■ DATASET EXCERPTS:
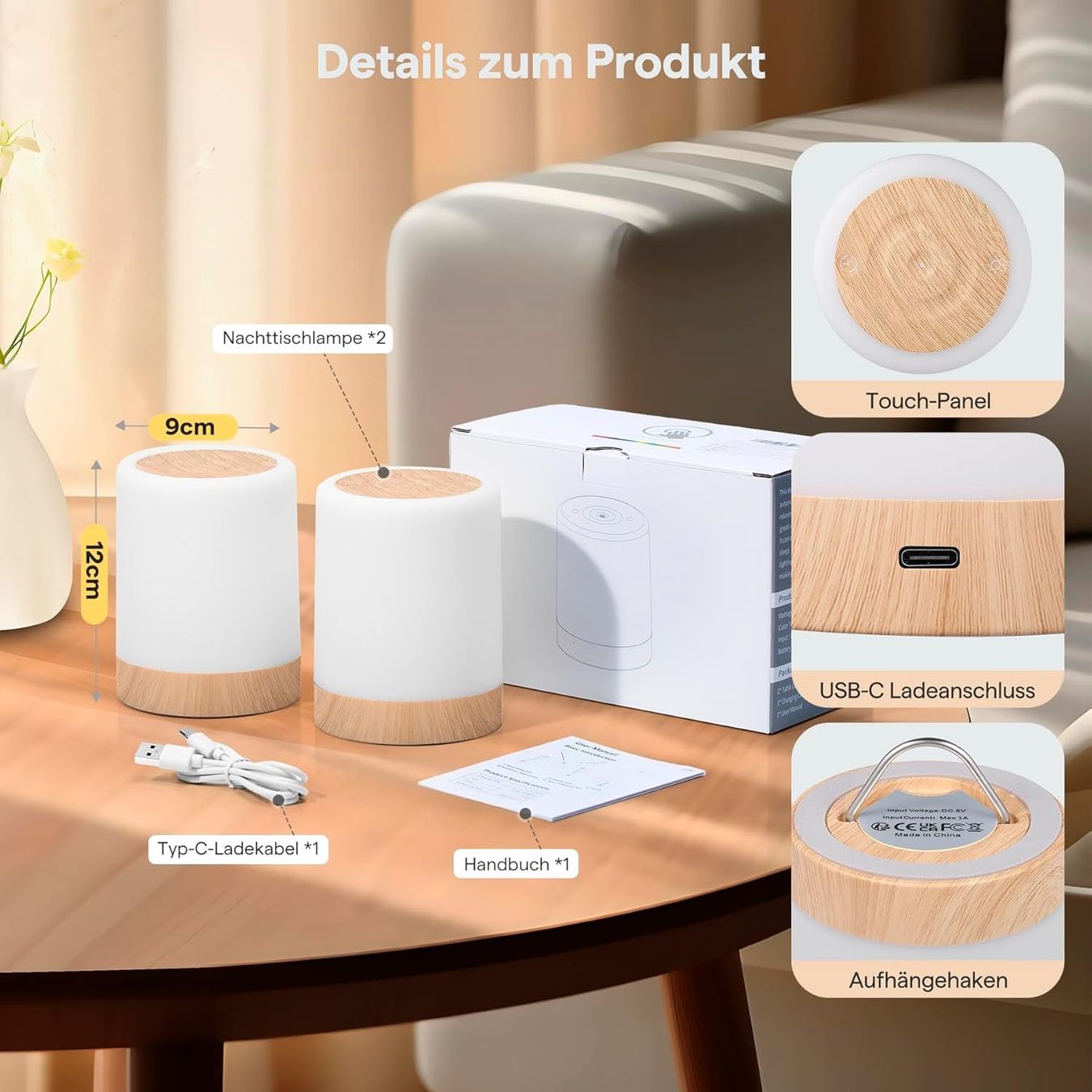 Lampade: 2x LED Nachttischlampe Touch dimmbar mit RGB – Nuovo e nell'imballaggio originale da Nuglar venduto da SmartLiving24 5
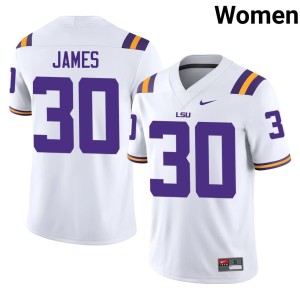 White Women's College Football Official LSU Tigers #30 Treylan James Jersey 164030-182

==

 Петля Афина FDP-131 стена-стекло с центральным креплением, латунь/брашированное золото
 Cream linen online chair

---

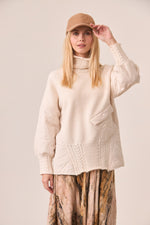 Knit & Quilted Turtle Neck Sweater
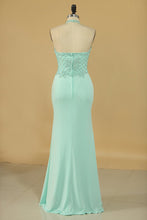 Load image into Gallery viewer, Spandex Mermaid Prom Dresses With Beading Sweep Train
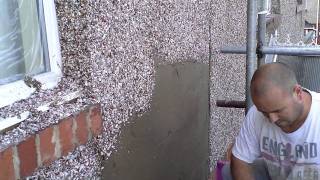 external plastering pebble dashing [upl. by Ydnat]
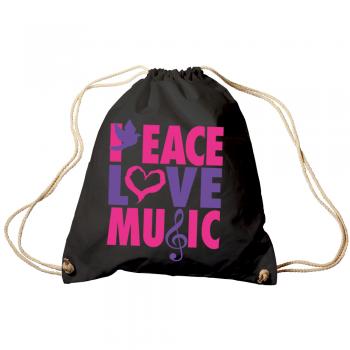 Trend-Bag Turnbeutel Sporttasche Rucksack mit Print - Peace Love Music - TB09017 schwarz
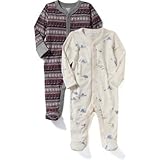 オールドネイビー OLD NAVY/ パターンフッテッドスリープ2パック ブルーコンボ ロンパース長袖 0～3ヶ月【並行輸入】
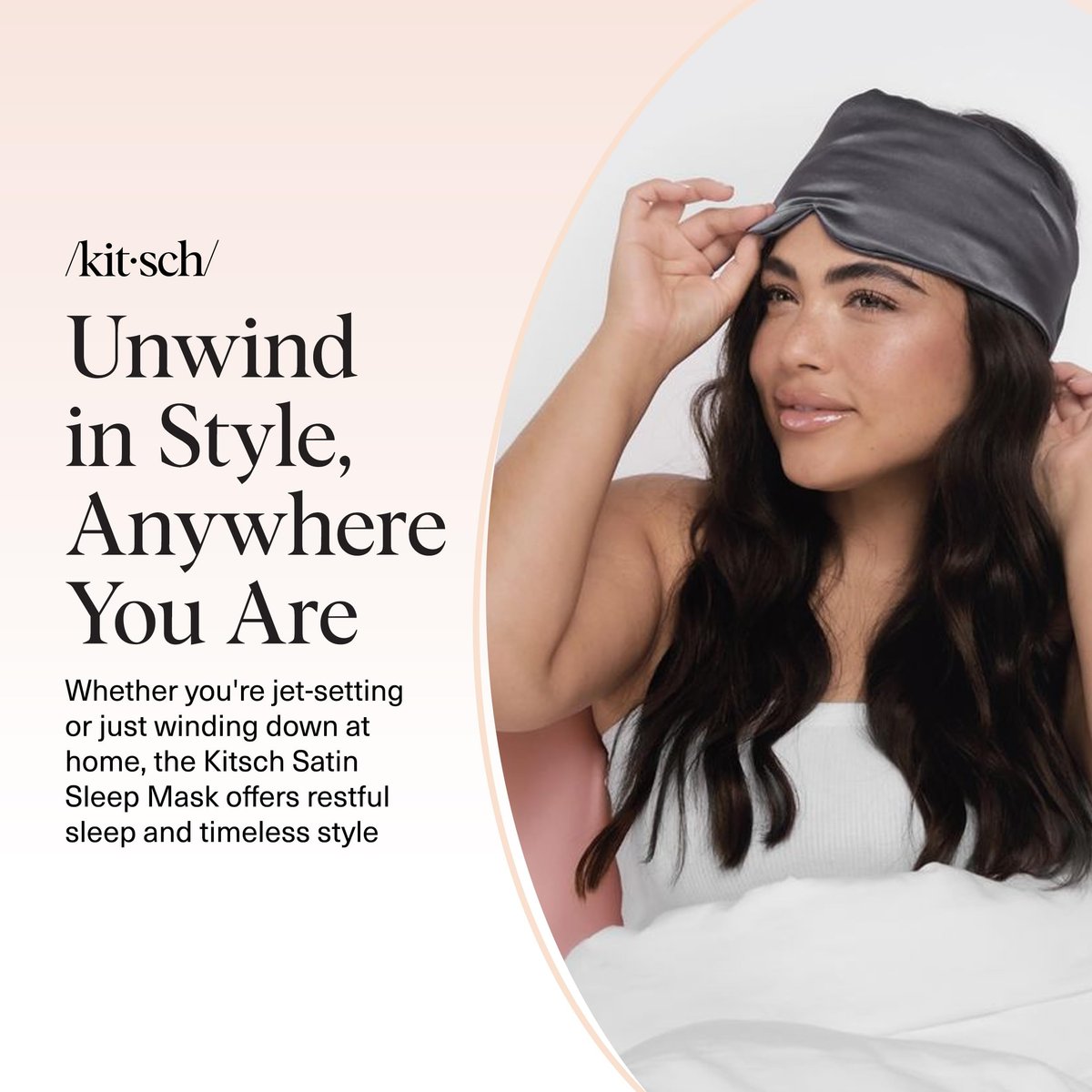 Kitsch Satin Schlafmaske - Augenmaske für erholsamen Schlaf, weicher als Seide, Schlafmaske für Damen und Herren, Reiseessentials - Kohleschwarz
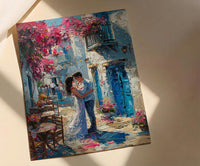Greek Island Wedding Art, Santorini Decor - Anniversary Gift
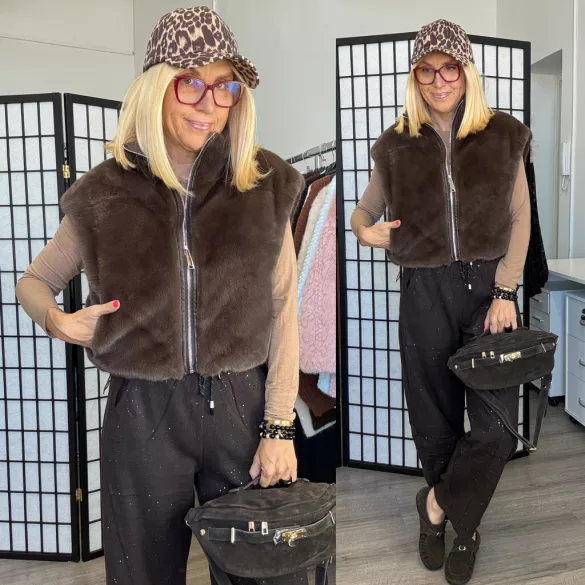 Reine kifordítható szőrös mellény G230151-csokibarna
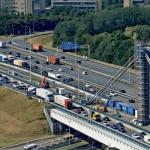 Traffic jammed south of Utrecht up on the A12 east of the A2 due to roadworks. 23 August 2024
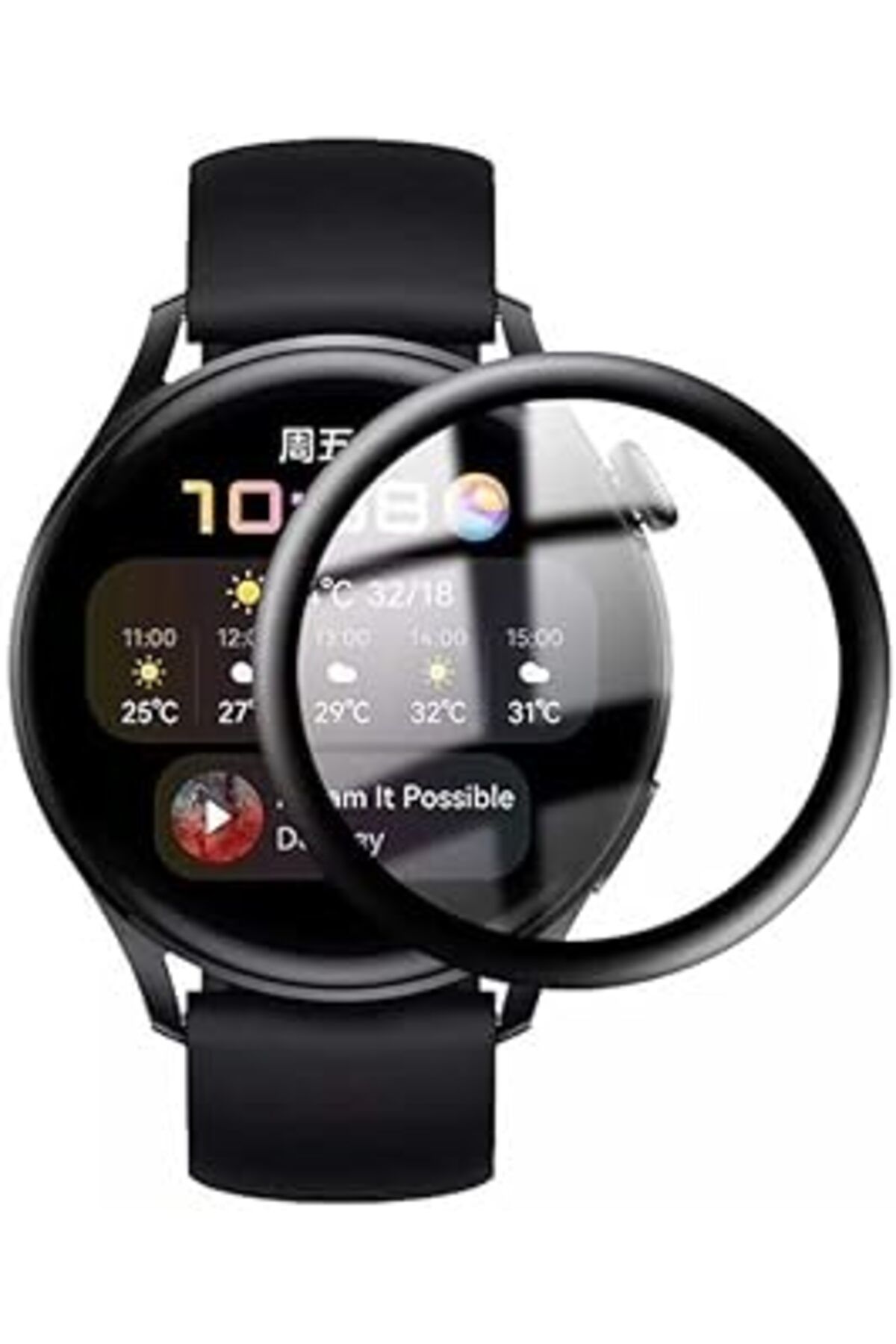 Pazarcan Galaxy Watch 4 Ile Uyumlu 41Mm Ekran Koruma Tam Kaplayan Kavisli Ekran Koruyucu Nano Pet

■ ASSIGNMENT:
Leave out every picture, and copy exactly the lines above starting at the one holding "Reine kifordítható szőrös" and ending at the one holding "Pazarcan Galaxy Watch", no more and no less.

■ PROBLEM SOLUTION:
 Reine kifordítható szőrös mellény G230151-csokibarna
 Traffic jammed south of Utrecht up on the A12 east of the A2 due to roadworks. 23 August 2024
 Pazarcan Galaxy Watch 4 Ile Uyumlu 41Mm Ekran Koruma Tam Kaplayan Kavisli Ekran Koruyucu Nano Pet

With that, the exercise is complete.